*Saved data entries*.
::::
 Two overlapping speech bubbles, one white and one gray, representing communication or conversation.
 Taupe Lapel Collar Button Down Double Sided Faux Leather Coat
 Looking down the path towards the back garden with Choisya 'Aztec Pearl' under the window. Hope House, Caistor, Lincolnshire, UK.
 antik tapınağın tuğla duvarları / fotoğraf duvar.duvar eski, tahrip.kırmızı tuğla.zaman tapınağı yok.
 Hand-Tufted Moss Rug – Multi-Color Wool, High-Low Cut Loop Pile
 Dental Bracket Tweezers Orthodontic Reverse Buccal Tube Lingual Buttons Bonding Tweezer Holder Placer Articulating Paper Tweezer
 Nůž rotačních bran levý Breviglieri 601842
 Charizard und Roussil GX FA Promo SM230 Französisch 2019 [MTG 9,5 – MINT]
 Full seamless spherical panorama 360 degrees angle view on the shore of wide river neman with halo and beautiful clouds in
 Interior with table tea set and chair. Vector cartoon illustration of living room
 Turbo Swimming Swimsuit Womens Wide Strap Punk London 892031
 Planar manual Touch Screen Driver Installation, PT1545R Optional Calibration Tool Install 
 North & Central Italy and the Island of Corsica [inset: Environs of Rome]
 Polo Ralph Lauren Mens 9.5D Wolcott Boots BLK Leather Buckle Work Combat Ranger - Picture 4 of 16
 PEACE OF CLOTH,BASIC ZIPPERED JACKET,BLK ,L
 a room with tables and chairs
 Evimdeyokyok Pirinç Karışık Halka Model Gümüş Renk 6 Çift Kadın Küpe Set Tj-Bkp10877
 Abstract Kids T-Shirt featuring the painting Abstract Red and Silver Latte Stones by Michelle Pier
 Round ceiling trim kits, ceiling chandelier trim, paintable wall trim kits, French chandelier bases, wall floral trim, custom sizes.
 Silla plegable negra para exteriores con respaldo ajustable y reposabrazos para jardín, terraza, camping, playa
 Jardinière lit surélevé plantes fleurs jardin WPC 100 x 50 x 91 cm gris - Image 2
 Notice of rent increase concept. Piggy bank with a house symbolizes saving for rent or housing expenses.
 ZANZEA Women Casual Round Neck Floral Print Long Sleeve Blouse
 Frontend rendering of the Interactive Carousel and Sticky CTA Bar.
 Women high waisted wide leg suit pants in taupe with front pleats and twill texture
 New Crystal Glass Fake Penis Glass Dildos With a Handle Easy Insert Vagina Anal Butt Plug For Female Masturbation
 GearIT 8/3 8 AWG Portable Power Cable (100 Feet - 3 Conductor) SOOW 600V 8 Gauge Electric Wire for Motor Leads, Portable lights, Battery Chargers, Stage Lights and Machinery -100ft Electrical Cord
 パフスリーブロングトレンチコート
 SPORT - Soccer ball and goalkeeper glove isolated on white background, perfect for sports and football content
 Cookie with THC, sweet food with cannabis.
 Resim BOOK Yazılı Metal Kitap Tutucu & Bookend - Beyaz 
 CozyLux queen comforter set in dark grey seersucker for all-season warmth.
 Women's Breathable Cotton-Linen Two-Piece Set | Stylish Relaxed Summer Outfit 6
::::
*WORK TASK*. Lines above that have "white": copy each of them.

*EXERCISE SOLUTION*.
 Two overlapping speech bubbles, one white and one gray, representing communication or conversation.
 SPORT - Soccer ball and goalkeeper glove isolated on white background, perfect for sports and football content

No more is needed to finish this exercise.